Investing.com-- Oil prices settled lower Friday, suffering a third consecutive losing week as concerns over sluggish demand conditions in China dented sentiment.
At 14:30 ET (18:30 GMT), Brent oil futures fell 2% to $80.70 barrel, and West Texas Intermediate crude futures dropped 1.4% to $77.16 a barrel.
Crude in third straight week of losses
The third losing week for oil prices was driven by ongoing concerns over slowing growth and weaker demand from top importer China as data showed the country's apparent oil demand fell 8.1% to 13.66 million barrels per day in June.
The persist growth concerns in China follow a weaker GDP print last week showing its economy grew less than expected in the second quarter.
Beijing attempted to arrest worries about stumbling growth by unexpectedly cutting a swathe of lending rates this week, but that has done little to lift sentiment.
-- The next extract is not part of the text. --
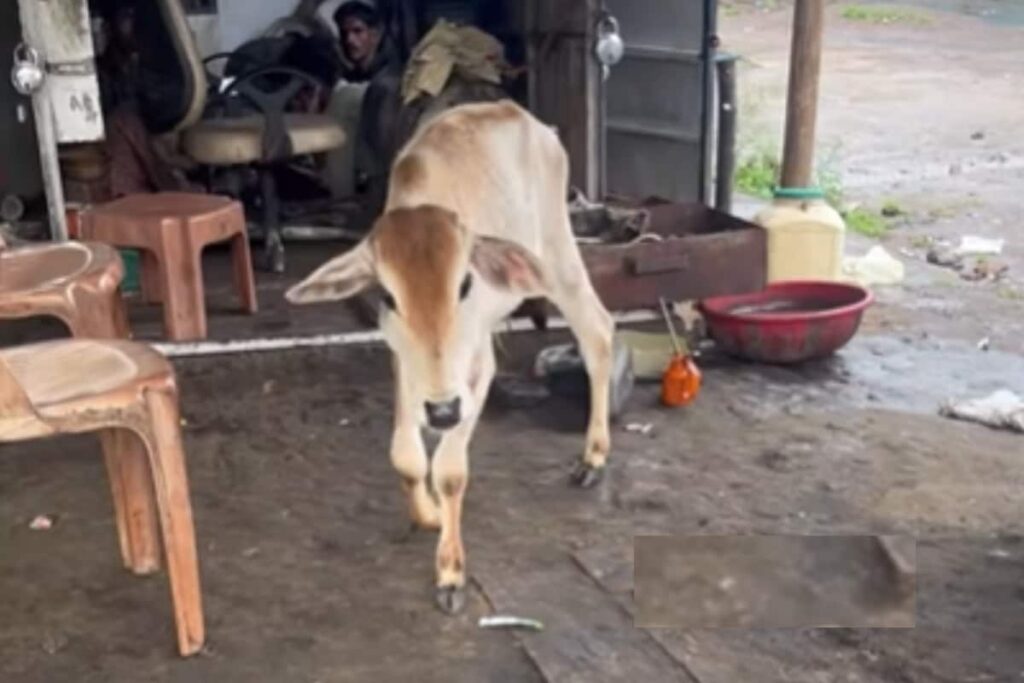 Meet Bansi, Male Calf Abandoned For Not Being Profitable; Rescued By Good Samaritan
Apart from China, uncertainty over Japan also grew following middling inflation data from Tokyo, while weak activity data in Europe also pointed to economic woes.
Gaza ceasefire in focus
Also weighing on the crude market have been increasing hopes of a ceasefire in Gaza.
The leaders of Australia, New Zealand and Canada called for an immediate ceasefire in a joint statement on Friday, while U.S. Vice President Kamala Harris has pressed Israeli Prime Minister Benjamin Netanyahu to help efforts at reaching a deal, striking a tougher tone than President Joe Biden.
A ceasefire has been talked about for months, but if it was to occur then some of the risk premium could be removed from the market.
Strong US growth, cooling inflation data boost rate cut hopes; Rig counts jump
The downside in oil prices was limited somewhat by stronger data out of the U.S. showing better-than-expected Q2 growth and cooler inflation, stoking investor optimism on a soft landing and sooner rate cuts.
According to data from the Bureau of Economic Analysis, the personal consumption expenditures (PCE) price index slipped to 2.5% in June, from 2.6% the prior month. .
On the domestic demand front, meanwhile, data showing steady drawdowns in U.S. oil inventories also offered some positive cues to oil markets, as fuel demand in the country remained robust amid the travel-heavy summer season.
In sign of pick in drilling activity, oilfield services firm Baker Hughes on Friday reported its weekly U.S. rig count climbed to 482 from 477.